[FM Discuss] issues with Kdenlive manual images

M R matrobnew at hotmail.com
Mon Feb 12 18:47:28 PST 2018


Martin:


That sounds really interesting: I didn't know you could specify by viewport h and w % in CSS (though that's standard in lots of app authoring I've done, for e.g. Windows or Android apps).   But then I know next to nothing about modern CSS; I basically got out of client-side web development as such in the early '00s.


Mick, what do you think?  To *some* degree it seems like going with viewport width (and height) % would address our issues--but then again, perhaps not completely.  If I put in a 1300 px wide screenshot and our CSS, revised along the lines Martin suggests, rendered that as (say) 80% of someone's 800-pixel width screen, then the image would all fit in their screen, but the details would be tiny, probably too tiny to be useful.  So we might still need some absolute limit on screenshot pixel width.


The thing is, there is a whole galactic-sized industry of technical writing out there, still cranking out documentation with screenshots (despite my best efforts to move them toward video 😊); so you'd think there would be best-practice guidelines well established around this very question.  You would think.  But in the google searching I've just done, while I've unearthed some very sensible articles/posts from individuals talking about what makes for better and worse screenshots, I get no sense at all of a widely-accepted standard width or resolution.   If those standards are out there, they're embedded in full tech-writing courses and not seemingly accessible to googling.

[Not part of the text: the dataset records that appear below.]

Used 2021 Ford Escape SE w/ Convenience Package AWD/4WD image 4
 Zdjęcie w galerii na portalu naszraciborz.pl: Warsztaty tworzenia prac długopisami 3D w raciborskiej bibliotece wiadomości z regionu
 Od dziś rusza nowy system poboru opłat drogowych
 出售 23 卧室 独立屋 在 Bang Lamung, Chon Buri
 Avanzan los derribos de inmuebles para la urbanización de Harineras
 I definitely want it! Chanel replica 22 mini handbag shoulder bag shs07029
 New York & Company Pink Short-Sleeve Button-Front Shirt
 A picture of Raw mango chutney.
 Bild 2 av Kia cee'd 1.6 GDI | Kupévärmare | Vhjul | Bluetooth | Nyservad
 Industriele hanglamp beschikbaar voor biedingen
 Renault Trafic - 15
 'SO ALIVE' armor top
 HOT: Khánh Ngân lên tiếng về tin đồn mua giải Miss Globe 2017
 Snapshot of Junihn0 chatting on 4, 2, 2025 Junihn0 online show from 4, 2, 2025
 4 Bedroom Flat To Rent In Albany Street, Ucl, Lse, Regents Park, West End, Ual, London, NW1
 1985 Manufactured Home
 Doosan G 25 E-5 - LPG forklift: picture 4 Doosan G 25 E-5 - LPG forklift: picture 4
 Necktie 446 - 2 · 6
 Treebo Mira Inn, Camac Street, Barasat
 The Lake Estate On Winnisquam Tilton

Everyone I've read agrees that screenshots should be PNG and not JPEG.  Most people agree that PRNTSCRN is too blunt-force, at least without cropping, not least because it will inevitably capture personal screen details that are idiosyncratic and distracting, and irrelevant.  Any tech-writing professional is presumably using some specialized screen capture software that allows for selection of a customized area or a specified app or window (the one I use even tries to pick out specific panes/windows within the software UI I'm demo-ing, which is great when it works).  But none of this speaks to how large (and in what resolution) the captured area actually should be.


The common-sense answer is: "large enough to show what you need to show, ie what is actually relevant to your demonstration."  Mick, that was basically your original answer, and it's truly sound common sense; but then I would go right back to my original response to it.  Maybe where that leaves us is the idea that, if the software you're trying to demonstrate really does require you to see, simultaneously, multiple panes of a UI stretching across, say, 1000+ pixels or more, then perhaps we're beyond the limits of the static text-and-screenshot genre of documentation anyway.   So maybe we just kick the image-width limit up slightly, to 1000 (though that was a purely arbitrary number); or maybe we change the CSS to a % of viewport, but still establish a defacto max width of 1000 for FM screenshots.  Or maybe the de facto standard should remain 800 px.  Truly it beats me.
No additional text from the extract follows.